For the rest of the 1990s, relations between Sierra Leone and the IMF proceeded smoothly, notwithstanding the horrors of the ongoing insurrection with which a series of governments had to cope.60 The policies the Fund supported with a four-year ESAF arrangement were carried out successfully. In November 1998, as the insurrection finally was being brought under control, the Fund began providing emergency post-conflict assistance from its general resources. Those loans were repaid on schedule, and the Fund continued to assist the country through the Poverty Reduction and Growth Facility (the ESAF successor) in the following decade.

Zambia

The first country to be approved for a RAP, but the third and final one to complete the program in the 1990s, was Zambia. A collapse in the world copper market in the 1980s hit this copper-exporting country hard, and the government tried but ultimately failed to put in place a program of sustainable economic policies. As payments arrears accumulated, the Fund reluctantly but unavoidably declared Zambia ineligible for further borrowing in September 198761.
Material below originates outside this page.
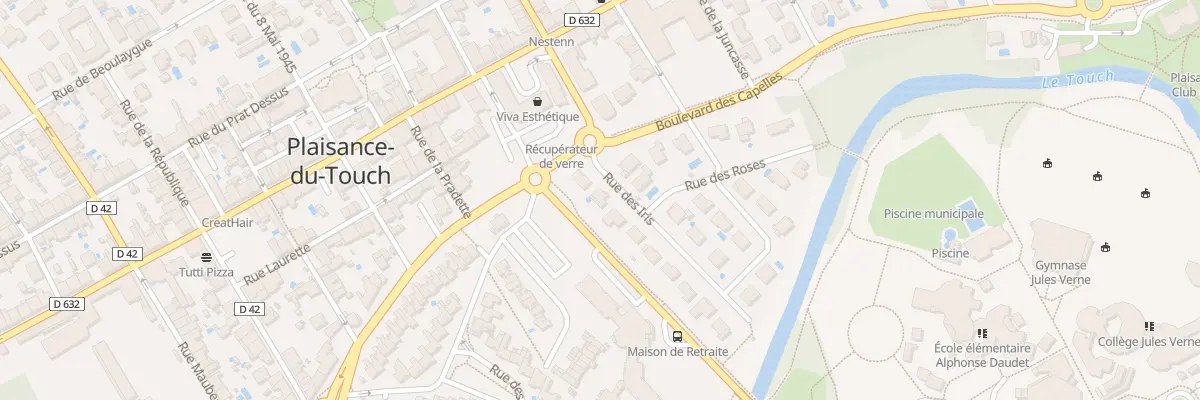 Plan du 4 Rue des Iris à Plaisance-du-Touch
After the declaration of ineligibility, Zambia shifted to more stringent policies, but decided initially to rely heavily on trade and exchange restrictions to strengthen the balance of payments. By late 1988, these controls were leading to widespread smuggling and other underground activity. Inflation rose sharply, as did the fiscal deficit. Zambia’s long-serving president, Kenneth Kaunda, then shifted gears again, aiming to promote stability and growth through more conventional means even if it meant taking draconian measures with major social consequences. In the first half of 1989, he tripled the price of maize (a diet staple that was in short domestic supply), introduced rationing coupons, cut the foreign exchange value of the currency in half, and lifted price controls on a wide range of consumer goods. The government negotiated a Policy Framework Paper with the Fund and the World Bank, which the institutions approved in September 1989 as a basis for new lending on concessional terms once arrears were cleared.62 In the meantime, however, Zambia’s arrears were continuing to pile up (Figure 16.9).

Figure 16.9.
Figure 16.9.

Zambia: Use of Fund Credit, 1986–99

(In millions of SDRs, monthly data)

Source: International Financial Statistics; see Figure 16.2 for further explanation.Note: EPCA = Emergency Postconflict Assistance; ESAF = Enhanced Structural Adjustment Facility; SAF = Structural Adjustment Facility; SBA = Stand-by arrangement.
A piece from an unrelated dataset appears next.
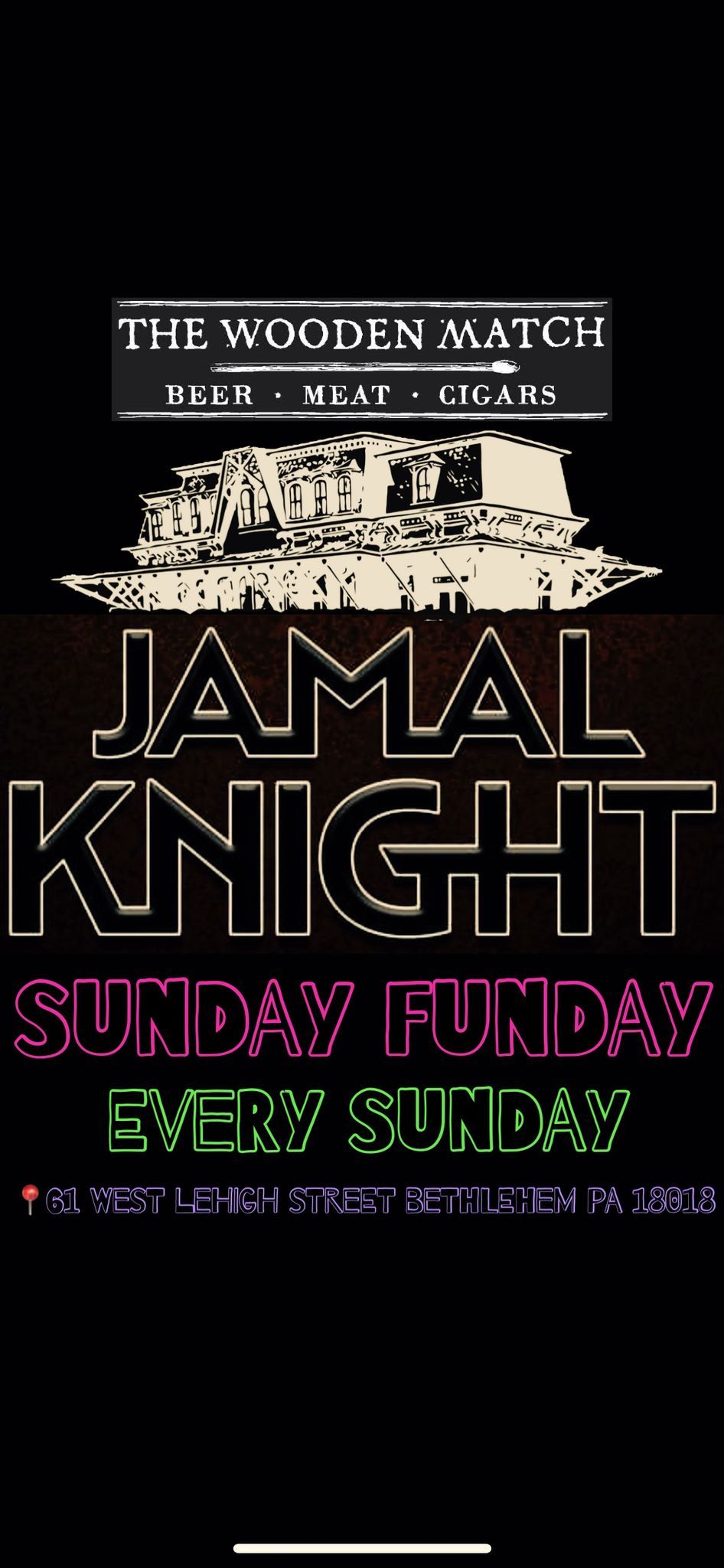 Sunday Funday ft. DJ Jamal Knight & Friends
By the beginning of 1990, the staff (led by K. Burke Dillon, Assistant Director, African Department) and the authorities agreed on all of the policy elements for a Fund-monitored program. Potential donor countries formed a Consultative Group, and the Paris Club agreed to consider rescheduling some bilateral debts. Despite the continuation of arrears, the IMF resumed providing technical assistance, and it reopened the Resident Representative office in Lusaka, which had been vacant since 1987. In the absence of new external finance, however, domestic opposition to Kaunda’s policy initiatives began to swell. Deadly riots broke out in June 1990, sparked mainly by the sharp increases in food prices.

Progress continued, but in fits and starts. Almost immediately after the Executive Board approved the operational terms of the rights approach, it agreed in principle to accept Zambia as the first country to qualify for a RAP. The policy framework was already in place, and the formation of the Consultative Group gave some assurance that the program could be adequately financed without an injection of cash from the IMF. Formal approval of the RAP, however, was delayed until April 1991, shortly after Zambia cleared its arrears with the World Bank. That settlement made Zambia eligible for financial assistance both from donors and from the World Bank’s Special Program of Assistance for Africa. That financing assurance made it possible, in turn, for the Fund to make its own forward commitment through the RAP.63

As the economy continued to weaken under the weight of a severe drought that decimated maize output, domestic unrest continued to build against the government. In response, Kaunda—Zambia’s only president since independence in 1964—decided to restore multiparty democracy and open discussions that would produce a new constitution. Unfortunately for him, he and his party lost the elections, and a new government under Frederick Chiluba took office in November 1991. In the meantime, policy implementation slipped badly during the election season, and Zambia’s payments to the Fund fell short of the targets required under the RAP. In October 1991—four weeks before the elections—the Executive Board expressed its “deep regrets” and disappointment at the slippages and declined to approve any accumulation of rights.64

Once Chiluba was in office and had put new policies in place, the authorities and the IMF agreed to scrap the original RAP and replace it with a new program that would run through 1995. From that point on, progress was steadier and more evident, though still slow. The Fund granted a number of waivers in 1993 and 1994 and extended the time limit on several occasions in 1995 to keep the program alive and allow Zambia to keep accumulating rights. Finally, in December 1995, all elements came together and Zambia successfully completed the program.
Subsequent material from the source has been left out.